En effet, la Grande île est régulièrement décrite par de nombreux observateurs internationaux et acteurs de la société civile comme un pays où la corruption est structurelle. Elle touche l’administration, les forces de sécurité, mais aussi le système judiciaire. Dans un tel contexte, la justice peine à fonctionner comme une institution indépendante et impartiale.
De plus, lorsque des individus disposant d’un pouvoir économique considérable ou de réseaux d’influence étendus sont concernés, le risque est bien connu : procédures ralenties, classements sans suite, pressions sur les magistrats, décisions dictées par des intérêts politiques ou financiers plutôt que par le droit.
Par conséquent, contrairement à l’argument selon lequel une extradition permettrait à la justice malgache de « faire son travail », de nombreux éléments conduisent à penser exactement l’inverse.

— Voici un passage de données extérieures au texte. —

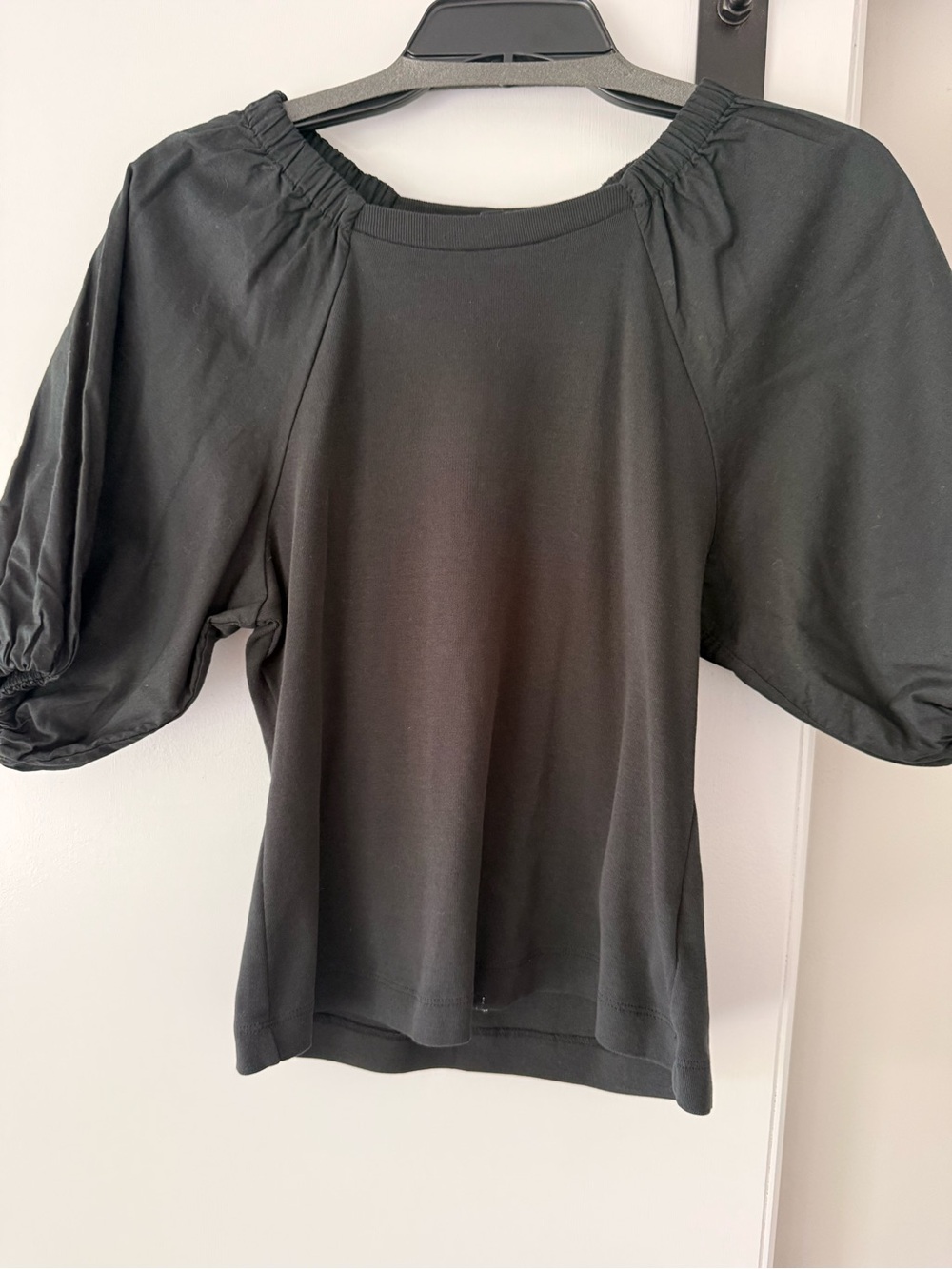 Joe’s Jeans Black Puff Sleeve Women’s Top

Dans un environnement institutionnel affaibli, le retour de Mamy Ravatomanga, personnalité puissante à Madagascar, peut devenir sa meilleure stratégie pour échapper à toute poursuite effective et/ou peine de prison.

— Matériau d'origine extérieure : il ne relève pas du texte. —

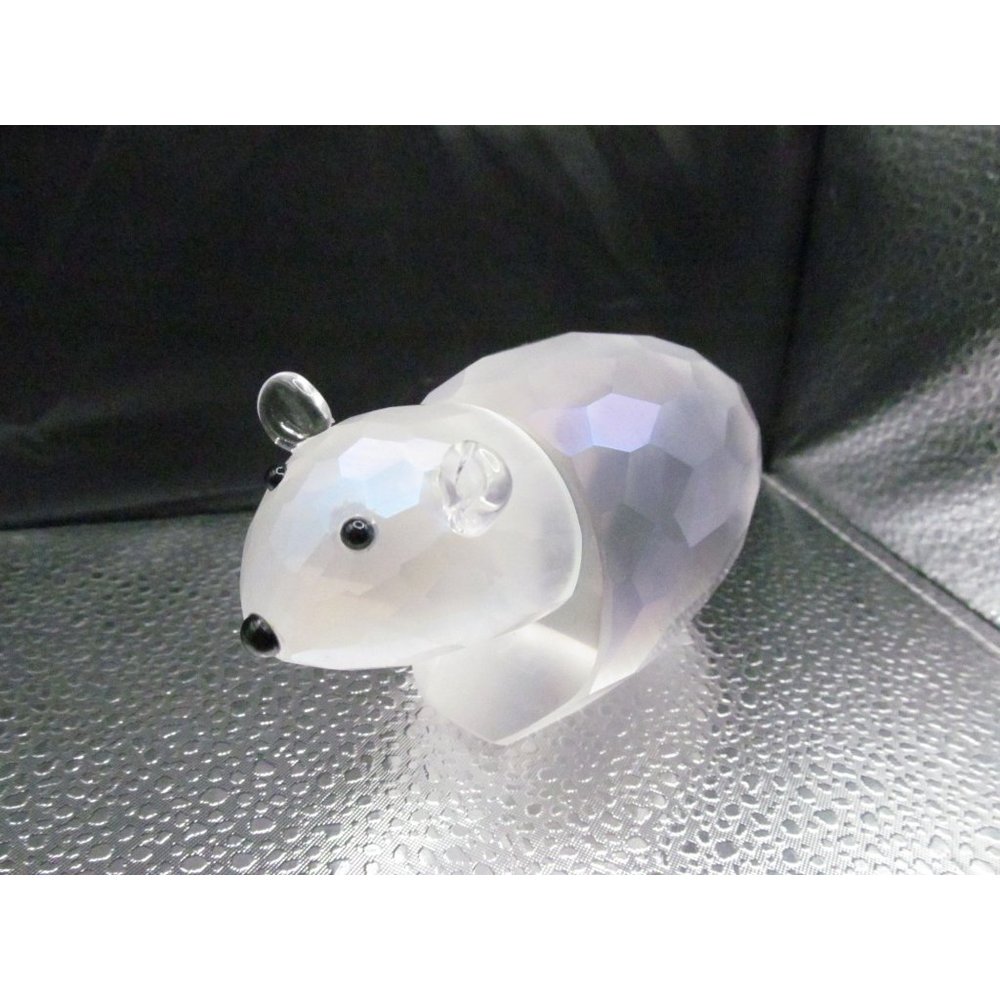 Crystal Polar Bear Paper Weight Figurine by Simon Designs in Original Box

Loin d’y être jugé avec rigueur, un tel individu peut y retrouver une position de force : réseaux locaux, climat de crainte, dépendance économique, proximité avec certains cercles de pouvoir. Dans ces conditions, la justice ne devient plus un contre-pouvoir, mais un instrument neutralisé.
Dans le cas de Mamy Ravatomanga, le maintien de la procédure judiciaire à l’île Maurice — là où les garanties procédurales, l’indépendance des magistrats et la protection contre les pressions sont effectives — constitue la seule voie crédible vers une justice réelle. De ce fait, Madagascar ne devrait pas demander son extradition, mais uniquement le rapatriement de ses avoirs dans les caisses de l’Etat.

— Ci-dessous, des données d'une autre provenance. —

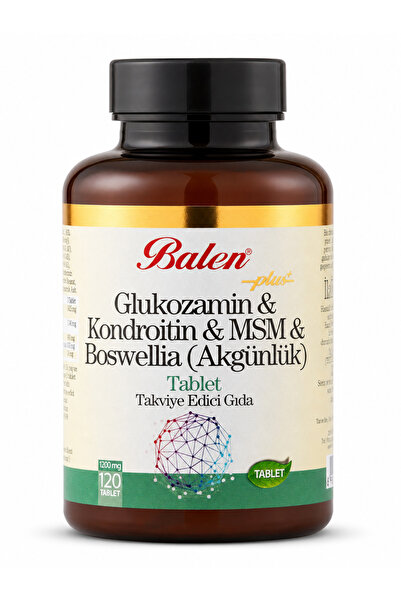 Balen GLUKOZAMİN&KONDROİTİN&MSM&BOSWELİA TABLET 1200 MG*120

Si jamais Ravatomanga est extradé, il bénéficiera d’un traitement de faveur et sera libéré.
Et ça sera la fin pour Fanirisoa Ernaivo, elle portera cet échec jusqu’à la fin.
A sa place, j’aurais laissé Maurice s’en occuper. Jusqu’ici, ils font bien les choses.
Aucune garantie aussi à Maurice contrairement à vos allégations !
A Maurice, il est toujours en prison. S’il était extradé à Mada, il serait déjà en liberté aujourd’hui. J’ai plus confiance aux Mauriciens qu’aux Malagasy sur le plan judiciaire.
Que dire et faire si le sadc programme le retour des « daltons cedric et p.blue » ?
Vous aviez le choix de ne plus faire partie de la SADC mais vous êtes quand même restés. Si vous restez membres, vous devez obéir aux ordres. Si vous préférez être indépendants et gérer votre pays vous-mêmes, alors il faut du courage et quitter ces organismes esclavagistes.
Vos dirigeants ont préféré rester dépendants, alors préparez-vous mentalement au retour de Rajoelina d’ici 24 mois. Bon courage à la Gen Z qui a fait tout ça pour rien.